Activity: Would you print the lines below exactly, beginning at the line that has "lily flower Framed" and stopping after the line that has "Foskett Creative-5"? Only those lines, and no pictures.

Saved entries
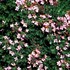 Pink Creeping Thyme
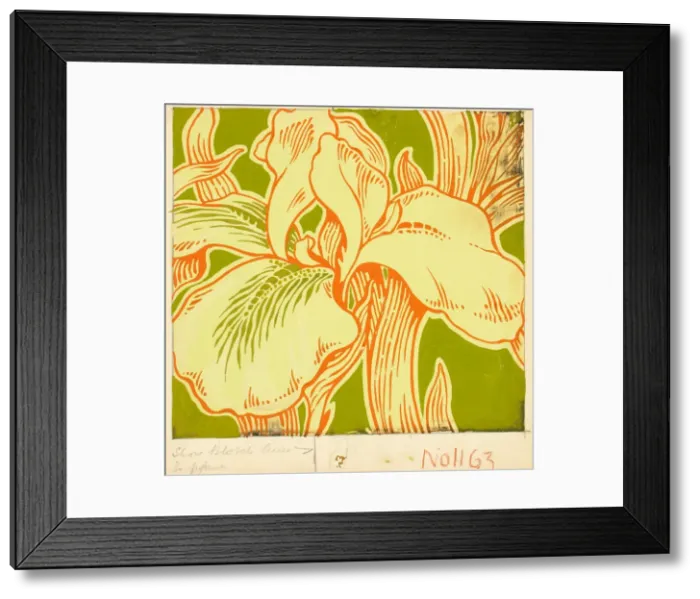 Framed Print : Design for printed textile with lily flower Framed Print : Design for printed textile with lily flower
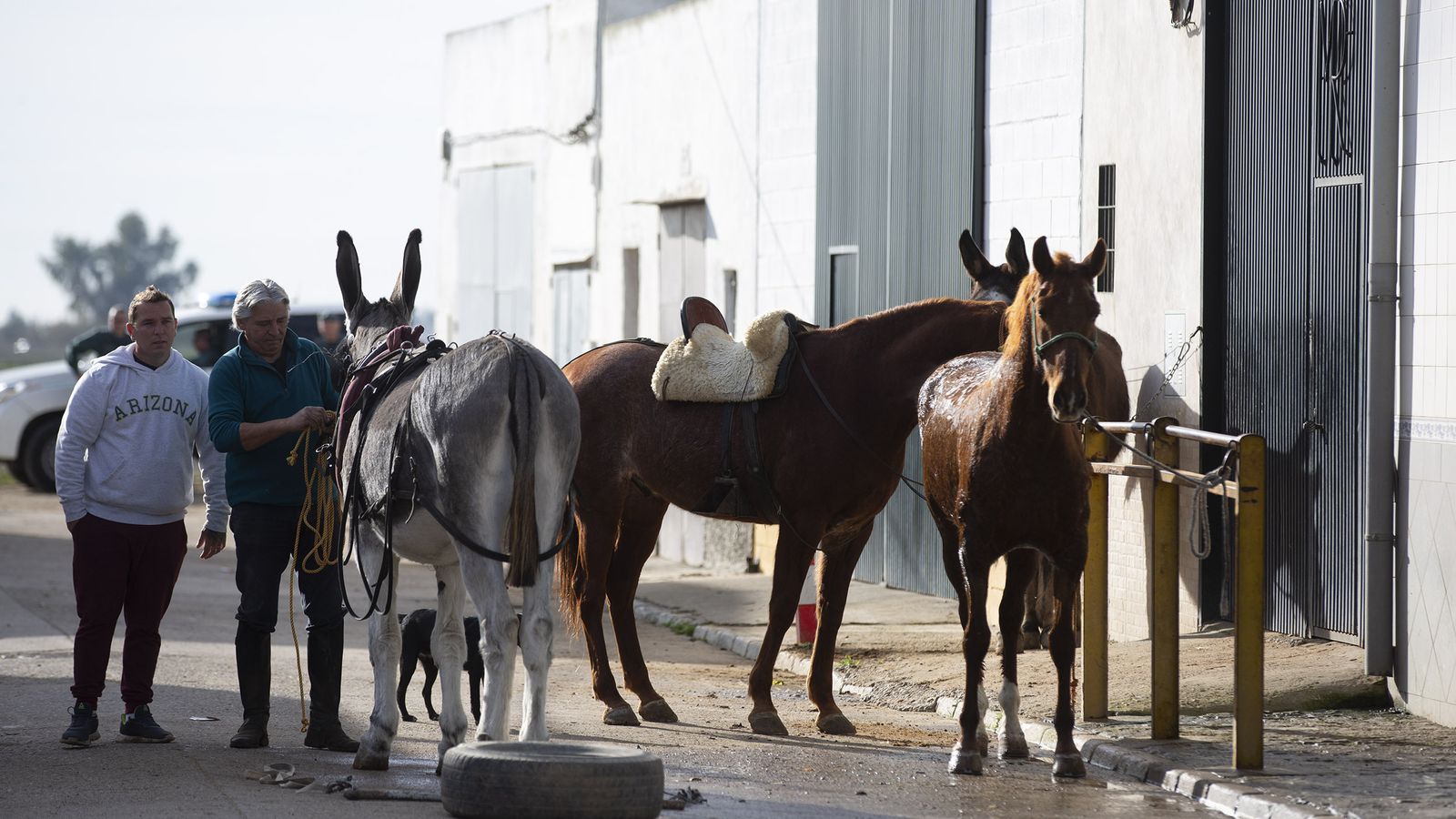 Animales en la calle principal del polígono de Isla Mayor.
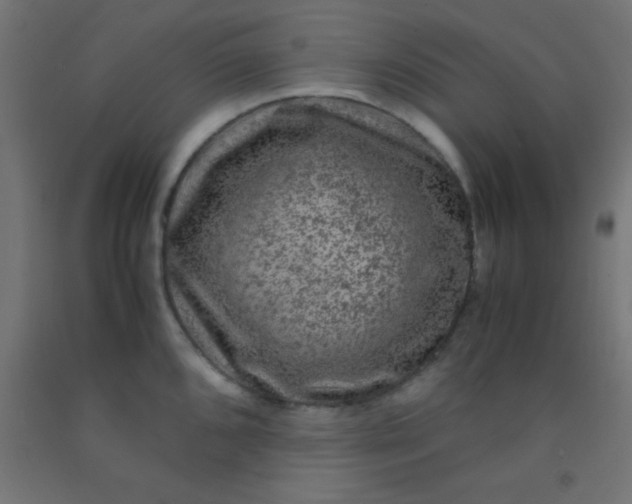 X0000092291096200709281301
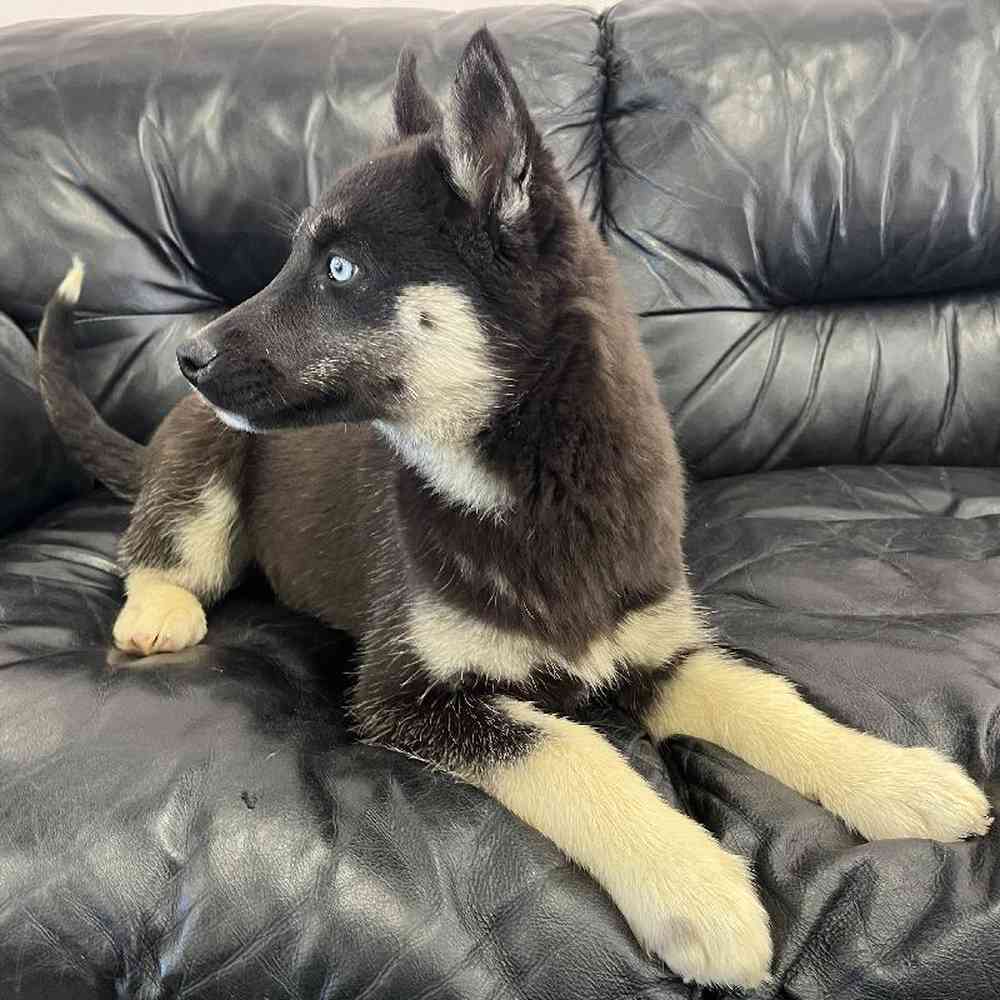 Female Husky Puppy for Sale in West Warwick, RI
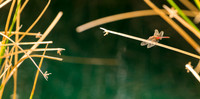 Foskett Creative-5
==
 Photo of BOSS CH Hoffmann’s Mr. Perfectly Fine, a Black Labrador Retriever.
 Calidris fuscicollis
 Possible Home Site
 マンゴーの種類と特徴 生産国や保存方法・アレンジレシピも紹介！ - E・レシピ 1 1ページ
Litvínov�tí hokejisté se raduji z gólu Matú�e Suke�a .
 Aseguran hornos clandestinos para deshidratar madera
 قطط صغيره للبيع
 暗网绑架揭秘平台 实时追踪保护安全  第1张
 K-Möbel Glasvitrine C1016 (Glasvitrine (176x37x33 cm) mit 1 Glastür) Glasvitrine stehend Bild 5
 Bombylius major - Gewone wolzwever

Written response:
 Framed Print : Design for printed textile with lily flower Framed Print : Design for printed textile with lily flower
 Animales en la calle principal del polígono de Isla Mayor.
 X0000092291096200709281301
 Female Husky Puppy for Sale in West Warwick, RI
 Foskett Creative-5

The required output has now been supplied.